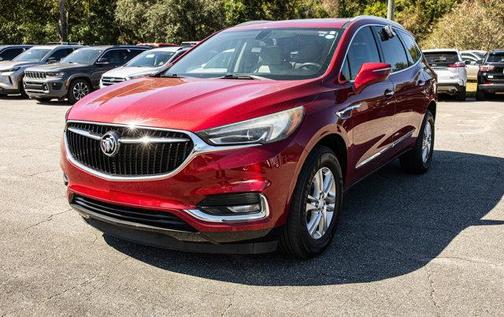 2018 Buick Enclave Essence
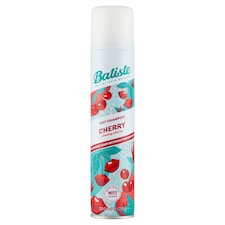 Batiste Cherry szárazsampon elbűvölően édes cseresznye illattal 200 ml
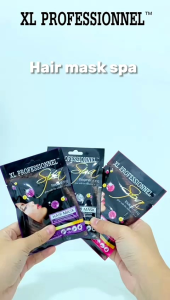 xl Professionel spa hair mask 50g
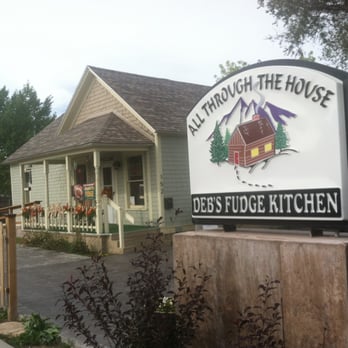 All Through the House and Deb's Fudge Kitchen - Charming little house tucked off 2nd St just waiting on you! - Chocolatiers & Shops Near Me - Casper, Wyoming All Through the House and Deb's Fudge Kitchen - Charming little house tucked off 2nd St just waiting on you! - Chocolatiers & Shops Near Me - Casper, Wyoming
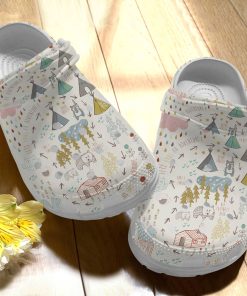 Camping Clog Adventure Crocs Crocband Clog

==

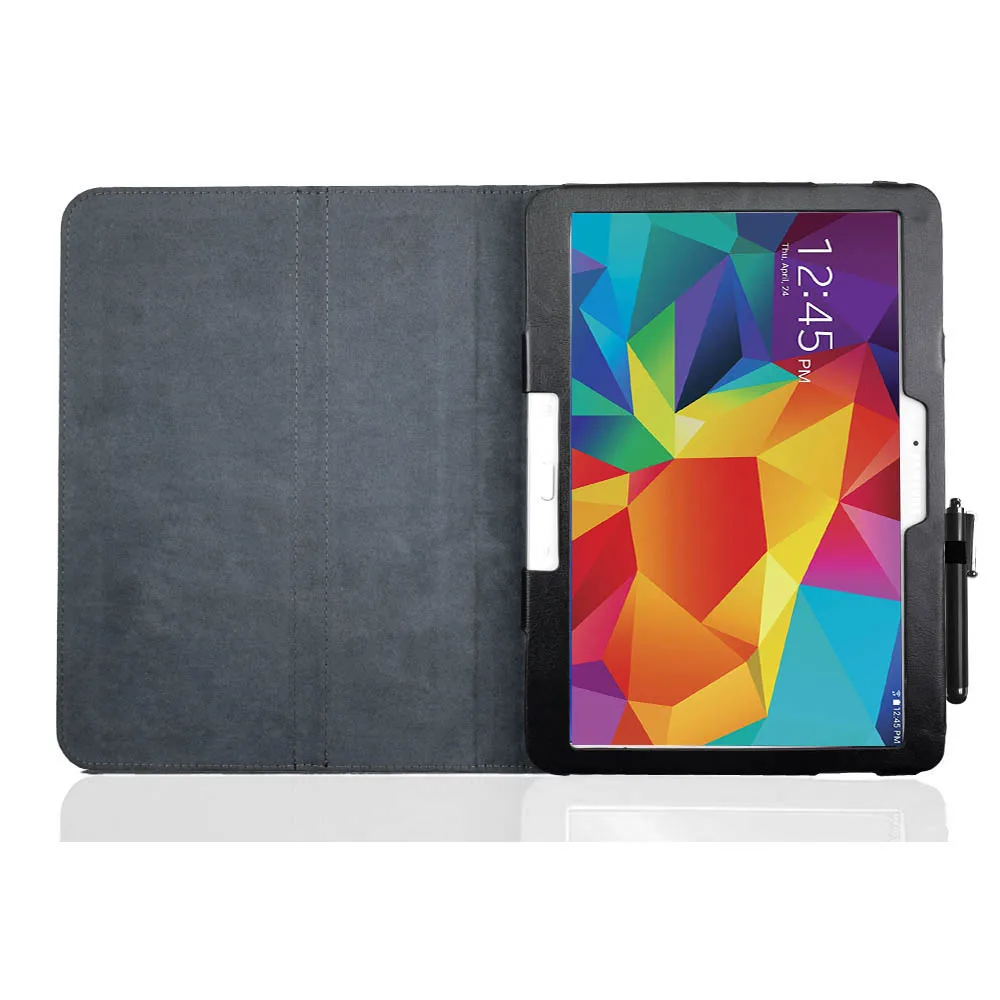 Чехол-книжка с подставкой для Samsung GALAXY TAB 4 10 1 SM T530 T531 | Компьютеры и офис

> Action item:
Leaving out all pictures, set down exactly the lines of the material above, from the line with "2018 Buick Enclave Essence" to the line with "xl Professionel spa hair mask 50g" inclusive, and no others.

> Expected answer:
 2018 Buick Enclave Essence
 Batiste Cherry szárazsampon elbűvölően édes cseresznye illattal 200 ml
 xl Professionel spa hair mask 50g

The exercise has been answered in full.